• [TASK INSTRUCTIONS] Here the job is to repeat the listing exactly, but not the pictures in it.

• [SUPPLIED MATERIAL]

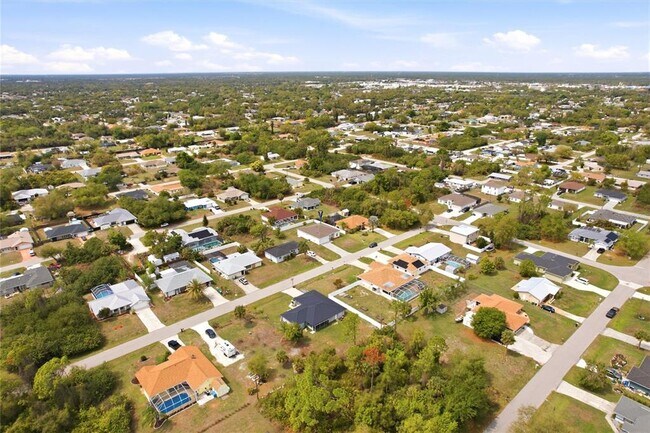 Building Photo - 870 Columbia St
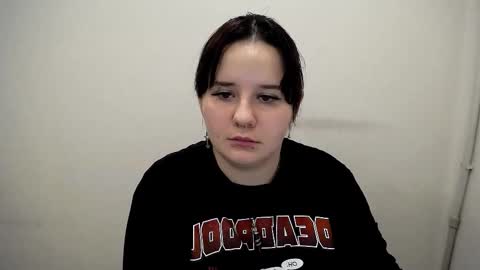 Mina online show from October 27, 2025, 11:58 am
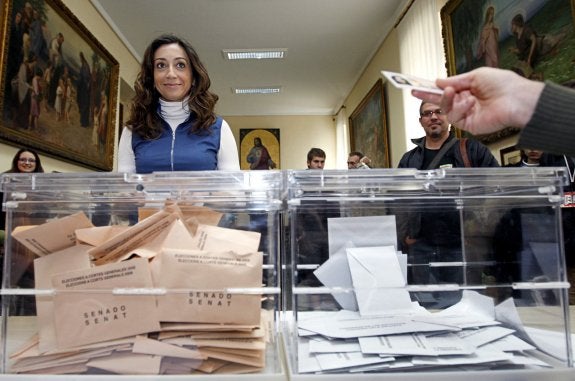 Isaura Navarro acude a votar durante unas pasadas elecciones.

• [WORKED SOLUTION]
 Building Photo - 870 Columbia St
 Mina online show from October 27, 2025, 11:58 am
 Isaura Navarro acude a votar durante unas pasadas elecciones.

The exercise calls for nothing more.